W.E.B Du Bois is known as one of the most influential black sociologists and spokesmen for black rights in history. Throughout his life, Du Bois tried to find the answer to discrimination and fought for equality for blacks in the school system.
In the early 1900s, Du Bois became the voice of the black community. In his lifetime, He wrote over a dozen books and essays on the sociology of blacks.
Du Bois was born in Massachusetts in 1868. In 1888, he graduated from Fisk University in Nashville, TN. He took his education further and made history being the first black to ever receive a Ph.D. at Harvard University.
In his early career, he taught at Atlanta University. He disagreed with the theory that black students learn better through black teachers. Du Bois went against any type of segregation in schools for both white and black people.
Du Bois was known for opposing major leaders from 1910 to the 1930s.
He combated the teachings of Booker T. Washington in the book entitled The Souls of Black Folks. He suggested that his teachings were a way for the white man to oppress blacks and blacks would never do enough to earn the respect of the whites.
He, also, spoke against President Wilson’s idea to segregate the cabinet.
Du Bois helped create the NAACP, or the National Association for the Advancement of Colored People. He was heavily involved in its magazine, “The Crisis.” After a dispute with the head of the NAACP he resigned as the editor in 1934.

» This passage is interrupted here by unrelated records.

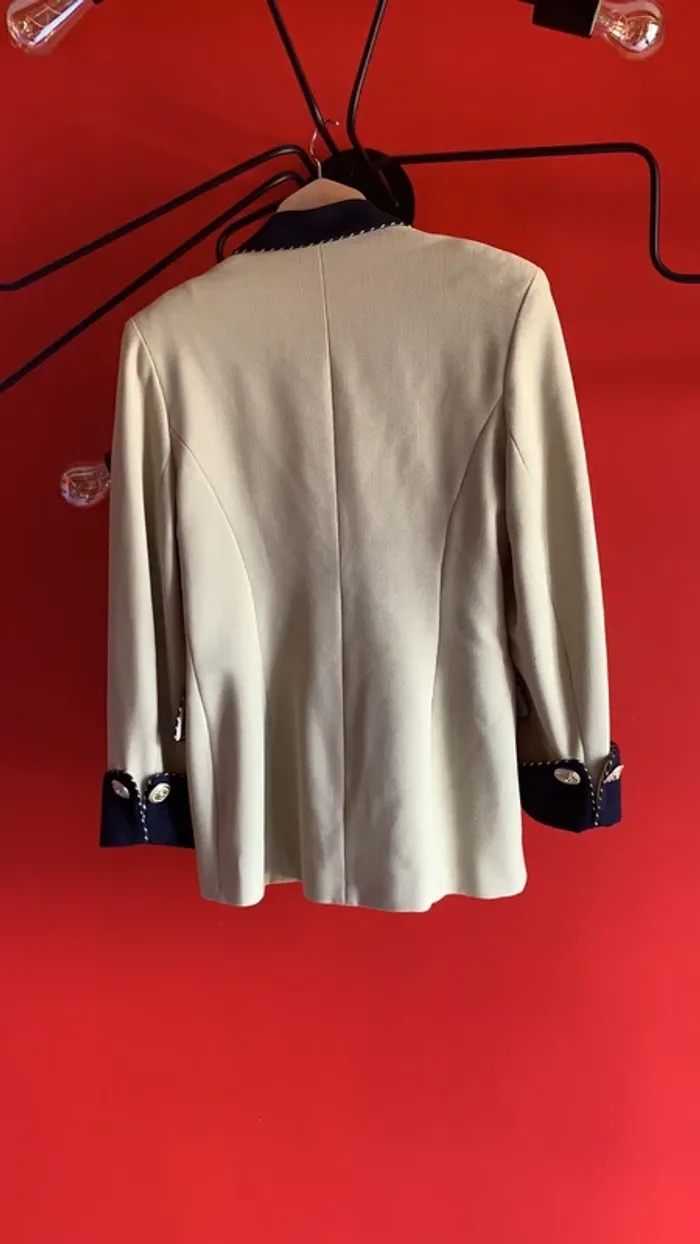 Bestini Paris ( Veste femme) - photo numéro 5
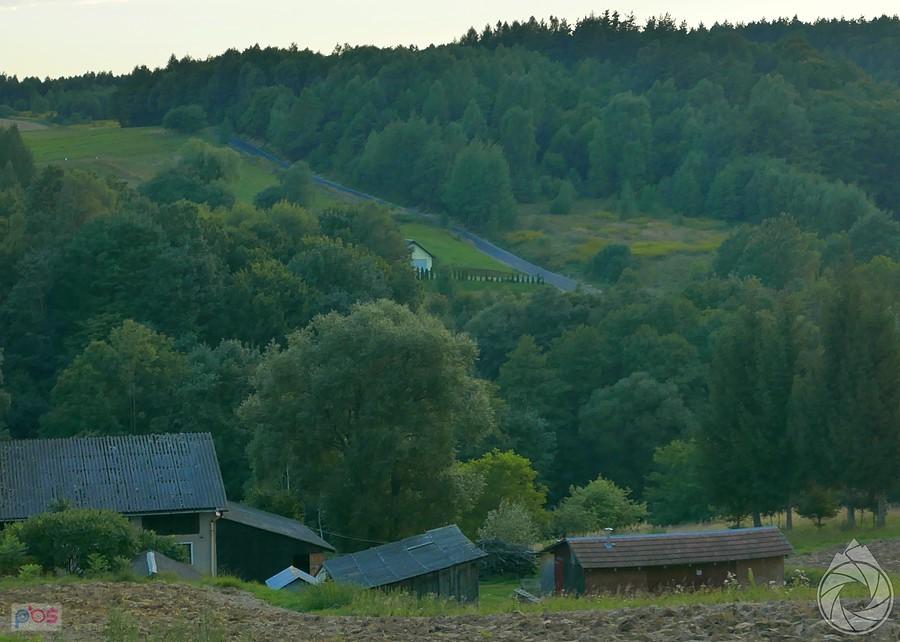 w podwieczornym świetle podjazd do Łączek Jagiellońskich, z kulturalnymi 17%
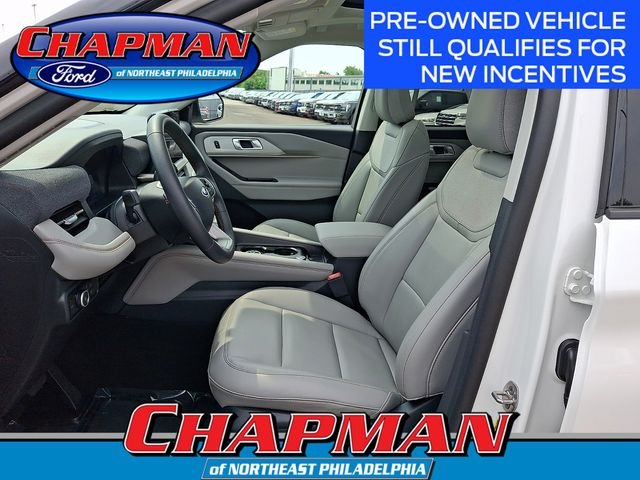 New 2026 Star White Metallic Tri-Coat Ford Active image 13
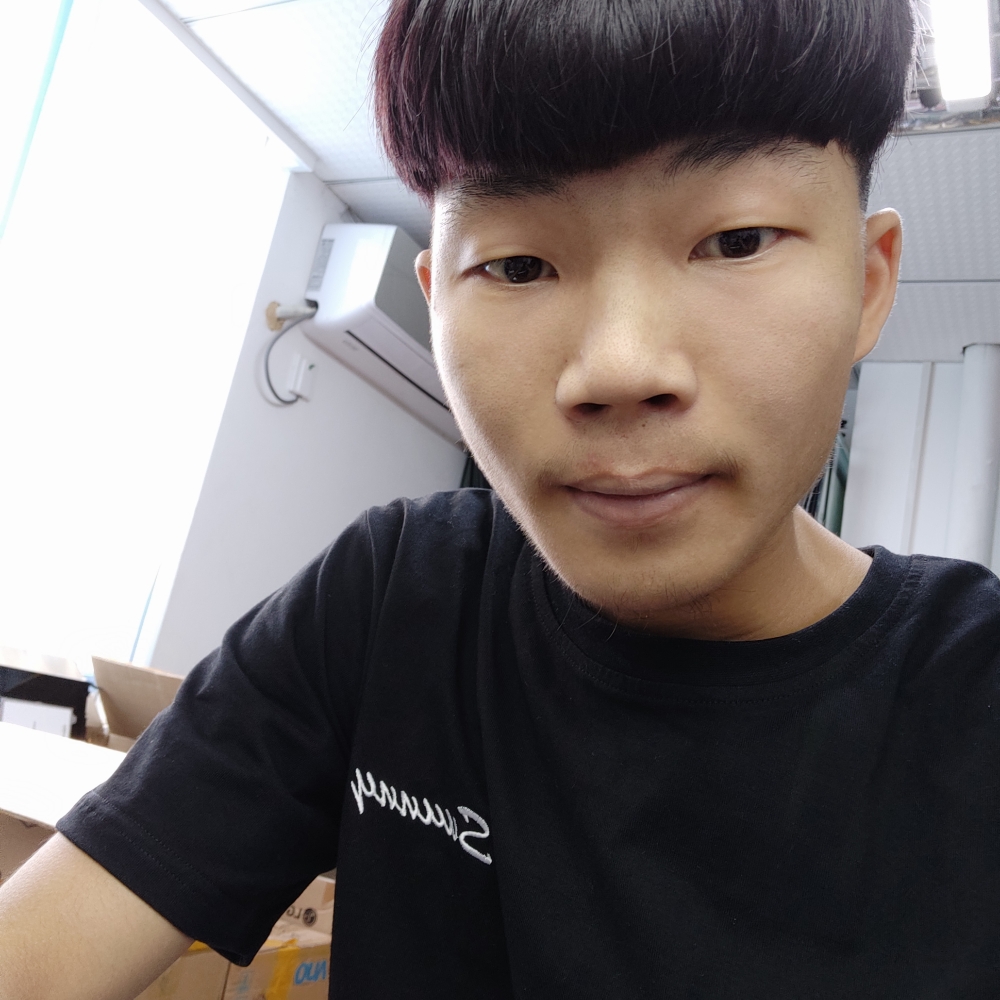 卖烤妖的小男孩的照片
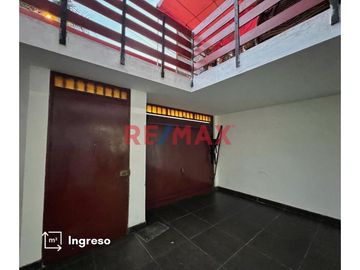Chorrillos Vendo 1Er. Piso Tipo Chalet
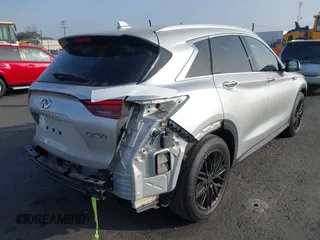 2020 Infiniti QX50 Luxe z VIN 3PCAJ5M10LF103880, wystawiony jako IAAI lot #41233450 z przebiegiem 40 247 mil mil oraz . Historia ofert i sprzedaży dostępna na DreamBid. Obrazek 4.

And, although he often disputed the teachings of Marcus Garvey, they worked together on Pan-Africanism. The goal was to build the strength of all the inhabitants in Africa so that they could be liberated from the hands of the European countries.
Du Bois was looked down upon by the whites when he wrote his magnum opus, Black Reconstruction in America. He believed that black people were the central figures during the time of the Civil War and the Reconstruction period.

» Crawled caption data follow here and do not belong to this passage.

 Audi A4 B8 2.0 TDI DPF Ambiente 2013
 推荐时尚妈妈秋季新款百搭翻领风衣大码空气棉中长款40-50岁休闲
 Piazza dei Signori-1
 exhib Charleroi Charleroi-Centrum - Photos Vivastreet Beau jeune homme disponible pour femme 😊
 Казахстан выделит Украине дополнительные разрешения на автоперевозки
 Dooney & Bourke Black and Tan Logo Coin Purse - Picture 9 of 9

Du Bois believed in some of the teachings of Marxism. However, he did not openly support communism until later in his life. This led to him being prosecuted for affiliation with the communist party in his 80’s, however the judge later waved the case.
Taken aback by the government’s accusation against him, Du Bois chose to finish out his life in Ghana. He died the day before MLK gave his famous, “I Have a Dream” speech.
Du Bois shaped the thinking of African Americans during the 1900s. His goal was to end segregation and to create equal opportunity for blacks.
He thought the best way to do that was to make sure that blacks were getting the proper education. He says, “Education must not simply teach work-it must teach life.”